What the task requires =
Leaving all pictures aside, write out the records below precisely as given.

=====

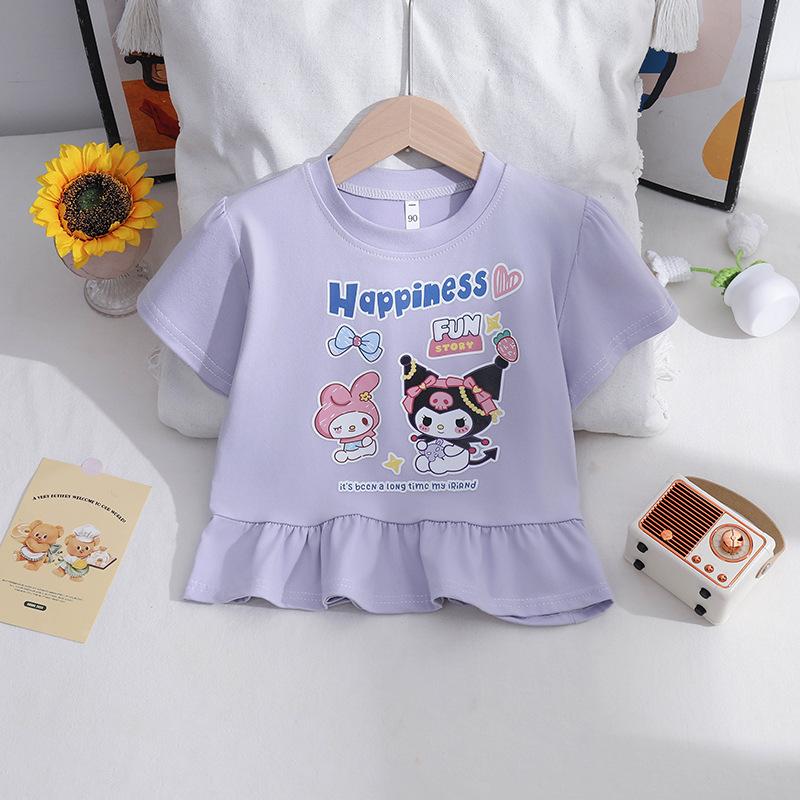 Summer Girls Cartoon Print Short Sleeve T Shirt Baby Chic Pleated Ruffle Top Fashionable Trendy Kids Clothing 90cm
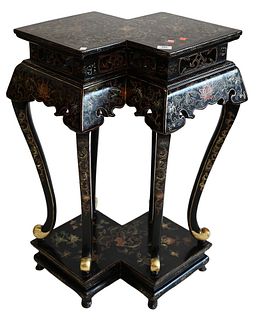 Chinese Lacquered Stand, having shaped top, height 36 inches, width 26 inches.
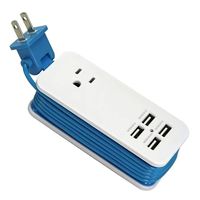 4-Port USB and Single AC Outlet Charging Station Portable USB Charger Travel with Universal Plug (Blue)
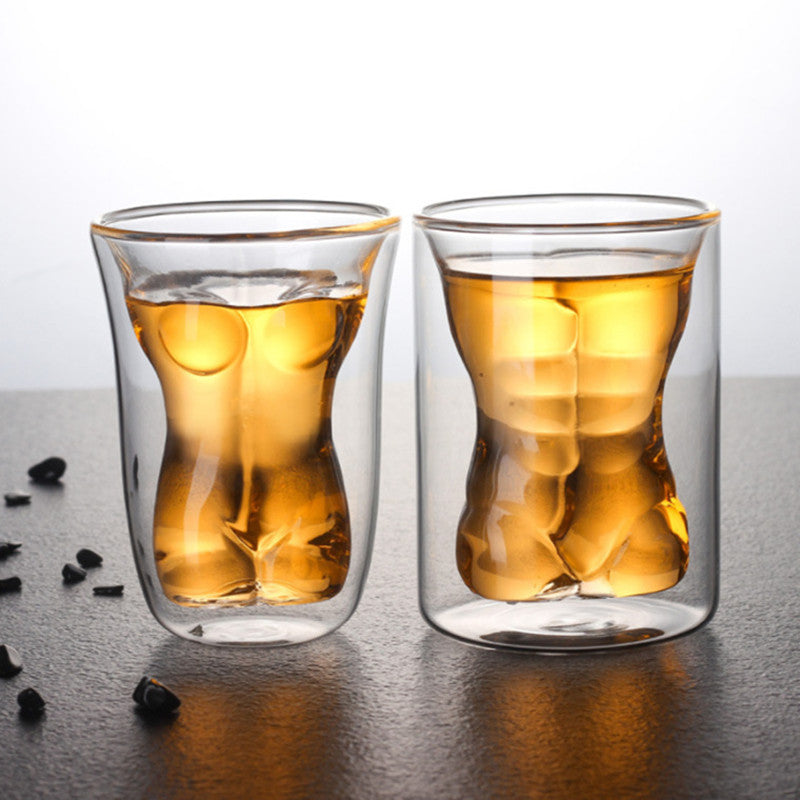 Novelty Figure Shape Glass Mug - Unique Borosilicate Coffee & Tea Cup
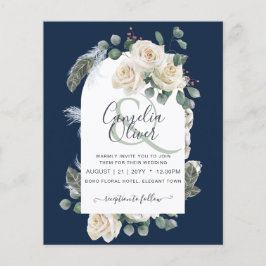 BUDGETEN Elegant Vit ros Arch Wedding bjudande in Flygblad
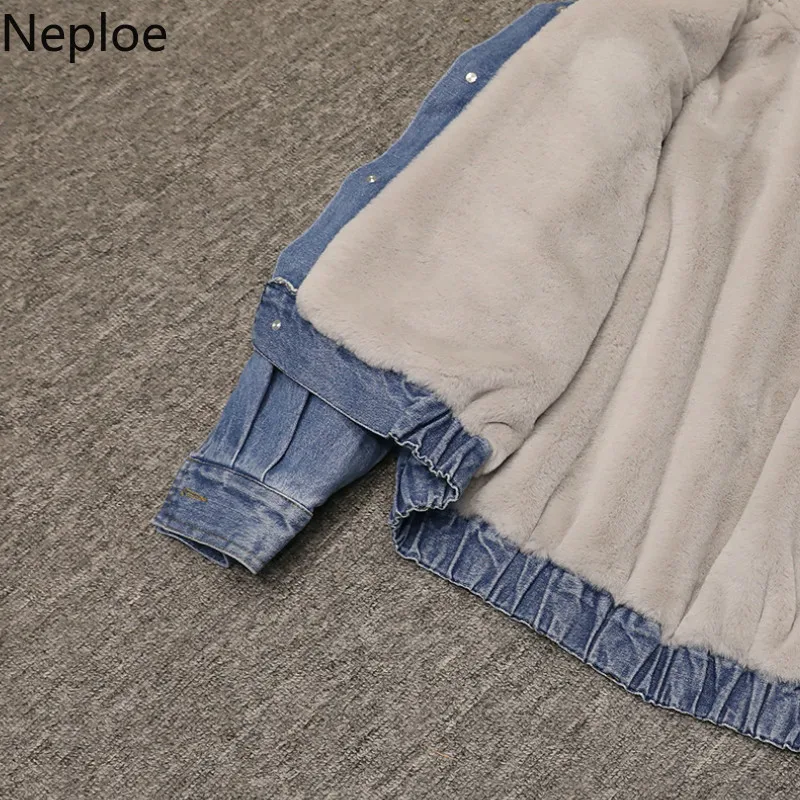 Neploe Корейская Толстая джинсовая куртка женская зимняя короткая Лоскутная Студенческая куртка с капюшоном Chaqueta Mujer Осенняя свободная Casaco Feminino 46309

=====

Solution for this exercise =
 Summer Girls Cartoon Print Short Sleeve T Shirt Baby Chic Pleated Ruffle Top Fashionable Trendy Kids Clothing 90cm
 Chinese Lacquered Stand, having shaped top, height 36 inches, width 26 inches.
 4-Port USB and Single AC Outlet Charging Station Portable USB Charger Travel with Universal Plug (Blue)
 Novelty Figure Shape Glass Mug - Unique Borosilicate Coffee & Tea Cup
 BUDGETEN Elegant Vit ros Arch Wedding bjudande in Flygblad
 Neploe Корейская Толстая джинсовая куртка женская зимняя короткая Лоскутная Студенческая куртка с капюшоном Chaqueta Mujer Осенняя свободная Casaco Feminino 46309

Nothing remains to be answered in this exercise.